In the New York production, the title character was originated by an actor who, like the one in the recent production of Joe Egg, has cerebral palsy. In London, he is being played now by a young London-based Australian actor called Daniel Monks who has hemiplegia. And it matters, not just because of the question of opportunities being newly afforded to disabled actors, but also because the play is about outsider status and classroom bullying which become amplified when the stakes are palpably increased.
It may be refreshing, as it is currently on Broadway, for a disabled actor to be playing a non-disabled role as Ali Stroker is proving so gloriously as Ado Annie in the current production of Oklahoma!, achieving her mobility via a wheelchair that allows her to engage in intricate choreography. But, this play provokes an even more urgent and specific conversation around visibility for both the actors and the characters they are playing, with Monks joined by the wheelchair-bound Ruth Madeley as 'Buck' Buckingham.
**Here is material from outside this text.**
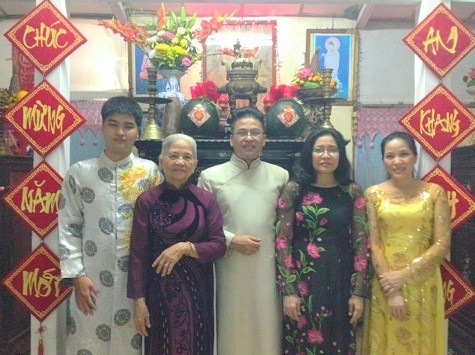Nghệ sĩ Thanh Bạch và gia đình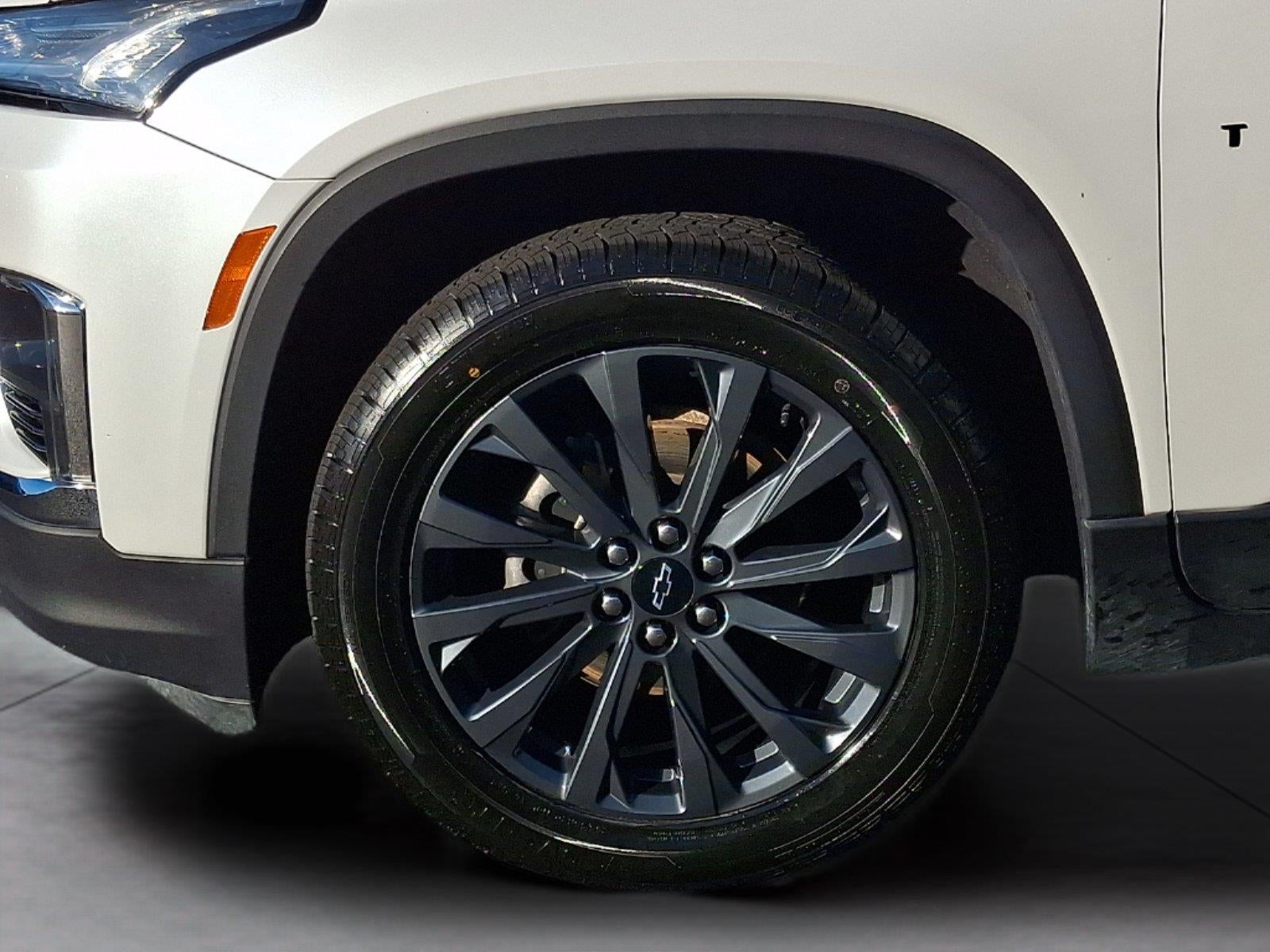 2023 Chevrolet Traverse RS - Photo 9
Given that the play is an energetic, youthful riff on the themes of Shakespeare's Richard III - relocated to a contemporary American high school gym, where Richard is running for high school president - it also burrows deep into questions of ambition, school politics and dating, and the influences of social media inside and outside the classroom. It reminded me, in part, of a non-musical Dear Evan Hansen.
I was immensely relieved that, despite its cheeky, teasing title, this was nothing like the search criteria someone might enter on Pornhub, but a challenging play that asks urgent questions and, in Mike Longhurst's intimate and engrossing production, provides a lot of food for thought.
Teenage Dick is at the Donmar Warehouse to 1st February 2020.